Metal-organic frameworks are materials with metal ions bridged by organic molecules that can form internal porous structures (like sponges) with very small holes, cavities and channels within them. These are about a nanometre or so across, just about the right sized hole for storing other molecules. A hydrogen molecule, which is 2 hydrogen atoms joined together, is really rather small so you have to make a material with very small holes to catch the hydrogen. Our metal-organic frameworks have holes which are about the right size for trapping hydrogen gas.
How do you use Diamond Light Source?
If you are to understand why the material has the properties it has, you need to understand the internal structure and what these pores are actually like within the material. There aren’t many techniques which will tell you this and the one which is particularly critical is single crystal X-ray diffraction. A small crystal is prepared and you fire X-rays at it. The structure diffracts the X-rays and the structure of the material can then be worked out. This will tell you exactly where the atoms are and, in our case, exactly what the interior of the pore looks like, what the dimensions are and what the shape is. The advantage of the Diamond Light Source is that it has particularly high power X-rays, a much more intense X-ray beam, and this means that we can look at much smaller crystals.
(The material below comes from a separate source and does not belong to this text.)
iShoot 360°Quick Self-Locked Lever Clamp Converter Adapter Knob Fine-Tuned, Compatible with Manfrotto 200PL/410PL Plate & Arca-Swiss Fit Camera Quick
In the case of our materials, it is very common to get small crystals, and it is often not possible to make bigger crystals. As a result we can only get this structure by using the beam line at Diamond.
How are you looking to improve the efficiency of a metal organic framework to store hydrogen?
People thought a few years ago that making larger and larger pores was the way to go, but that turned out to be slightly misleading. This is because if the hydrogen molecules are too far away from the pore walls and are sitting in the middle of the pores, they just act like hydrogen gas. So what people are working towards now are cleverer shapes of pores and what they call ‘decorating’ the pores, that is, putting chemical groups on the inside that will actually hold on to the hydrogen more firmly.